WORK REQUIRED:
Would you repeat the data below exactly, taking out the images?

PROVIDED DATA:
---
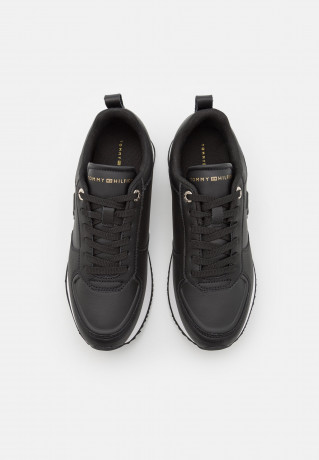 Tommy Hilfiger CASUAL RUNNER Trainers black CASUAL RUNNER — Кроссовки черный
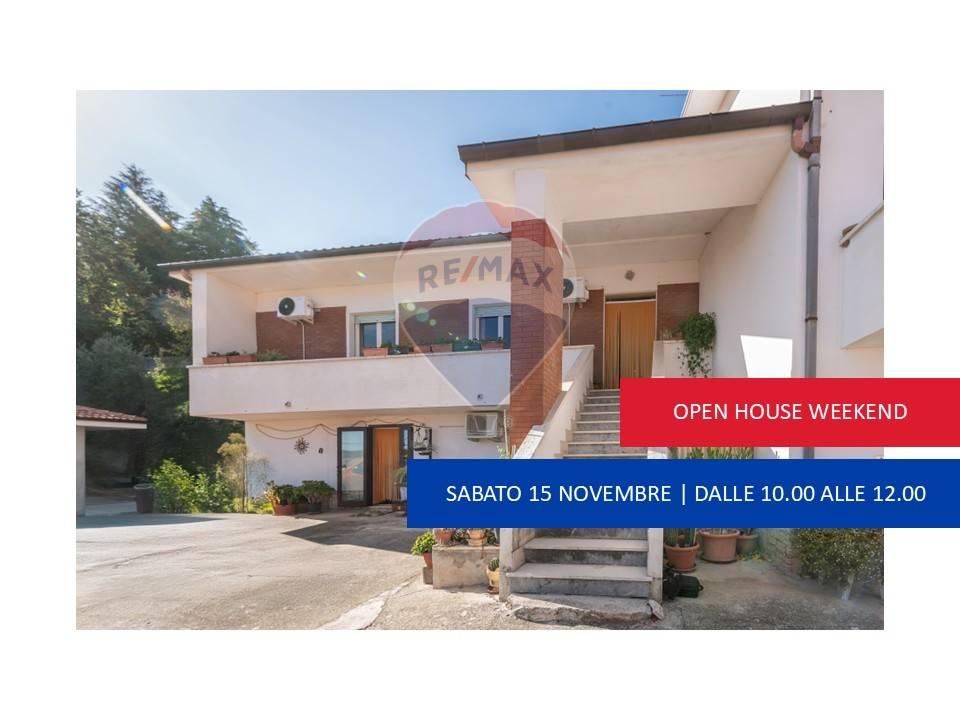 casa indipendente in vendita a Serra San Quirico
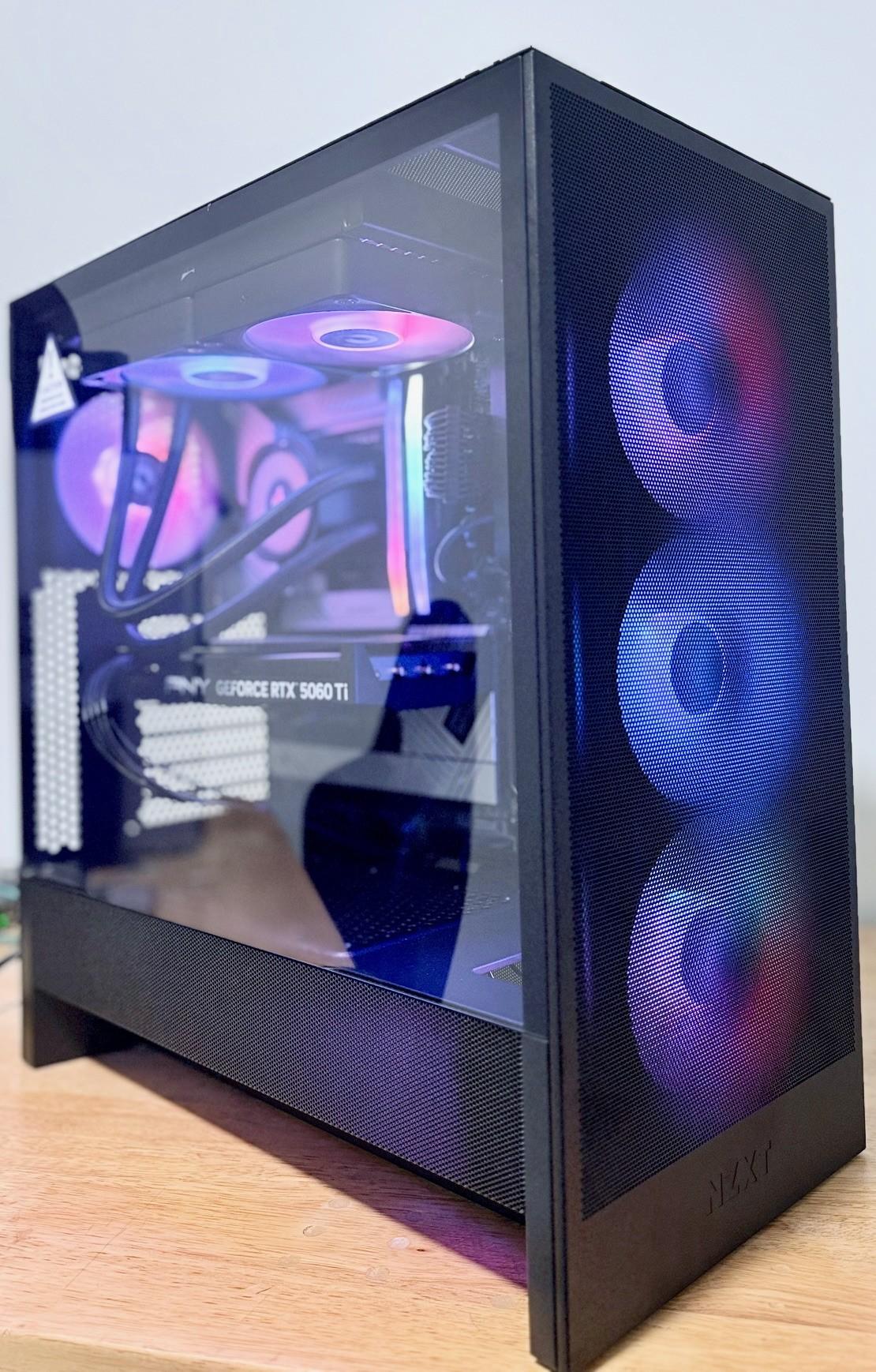 Gaming PC RTX 5060 TI 16 GB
---
RESULT OF THIS EXERCISE:
 Tommy Hilfiger CASUAL RUNNER Trainers black CASUAL RUNNER — Кроссовки черный
 casa indipendente in vendita a Serra San Quirico
 Gaming PC RTX 5060 TI 16 GB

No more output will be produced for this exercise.